Scraped caption text data
= Beginning of Section =
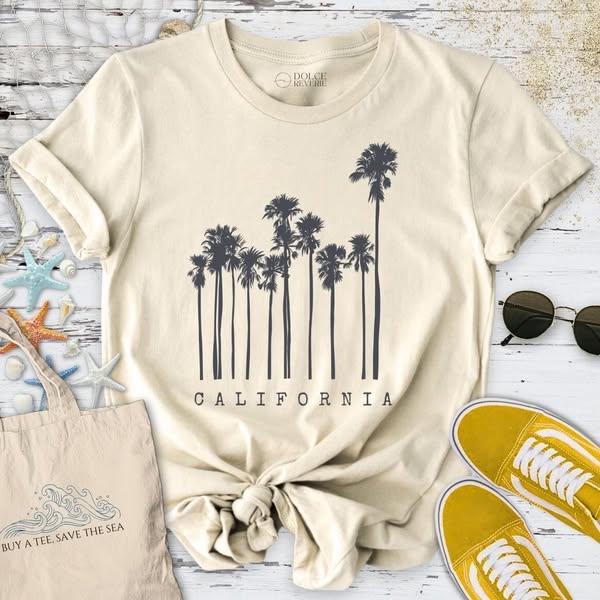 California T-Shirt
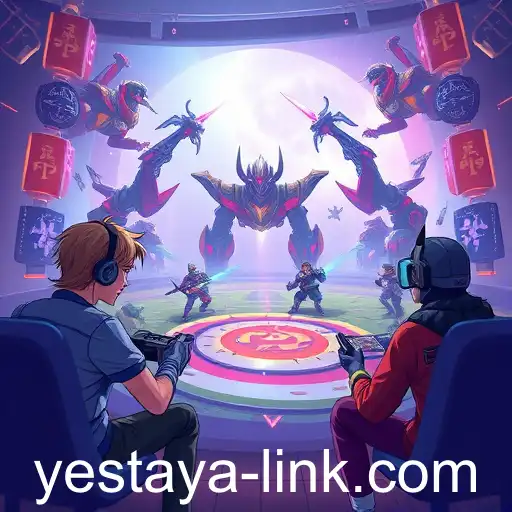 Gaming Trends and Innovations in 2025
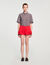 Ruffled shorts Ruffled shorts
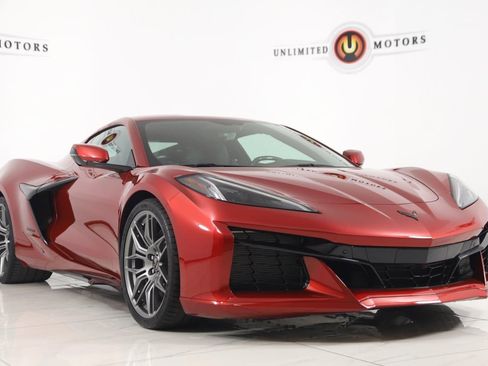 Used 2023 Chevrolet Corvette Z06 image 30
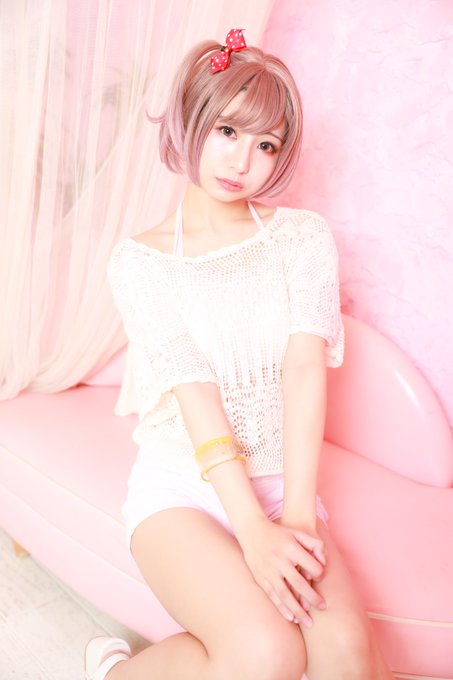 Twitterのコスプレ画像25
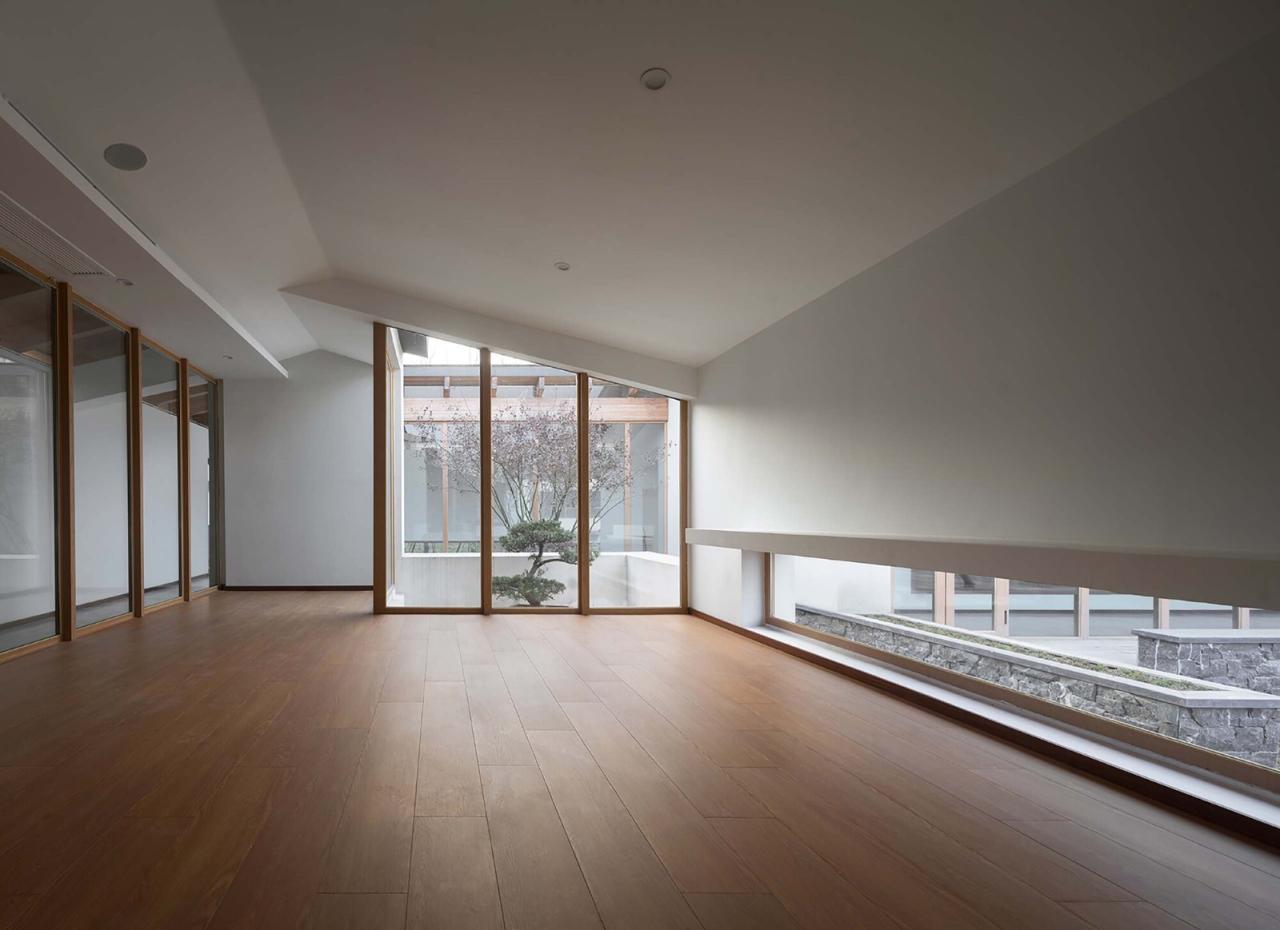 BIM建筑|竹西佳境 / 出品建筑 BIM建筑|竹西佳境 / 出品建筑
= End of Section =
= Beginning of Section =
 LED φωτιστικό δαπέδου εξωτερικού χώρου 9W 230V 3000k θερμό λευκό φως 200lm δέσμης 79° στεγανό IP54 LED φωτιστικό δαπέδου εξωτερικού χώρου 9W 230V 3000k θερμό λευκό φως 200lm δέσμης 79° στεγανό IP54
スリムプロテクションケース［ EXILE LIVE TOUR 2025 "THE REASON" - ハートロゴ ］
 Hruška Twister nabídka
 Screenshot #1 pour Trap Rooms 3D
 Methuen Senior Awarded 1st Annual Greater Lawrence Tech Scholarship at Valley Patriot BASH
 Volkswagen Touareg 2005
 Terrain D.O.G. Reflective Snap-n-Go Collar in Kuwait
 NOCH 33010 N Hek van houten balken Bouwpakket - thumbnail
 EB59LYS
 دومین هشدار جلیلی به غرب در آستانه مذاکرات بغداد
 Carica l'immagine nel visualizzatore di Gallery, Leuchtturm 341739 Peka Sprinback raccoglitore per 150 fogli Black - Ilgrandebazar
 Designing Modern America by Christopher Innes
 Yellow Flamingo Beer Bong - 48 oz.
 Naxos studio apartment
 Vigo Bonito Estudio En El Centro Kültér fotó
= End of Section =
WORK INSTRUCTION: Working from the entries above, please transcribe only the lines from the line with "Gaming Trends and Innovations in 2025" through the line with "BIM建筑|竹西佳境 / 出品建筑 BIM建筑|竹西佳境 / 出品建筑", exactly, with both end lines and without pictures.

OUTPUT BELOW:
 Gaming Trends and Innovations in 2025
 Ruffled shorts Ruffled shorts
 Used 2023 Chevrolet Corvette Z06 image 30
 Twitterのコスプレ画像25
 BIM建筑|竹西佳境 / 出品建筑 BIM建筑|竹西佳境 / 出品建筑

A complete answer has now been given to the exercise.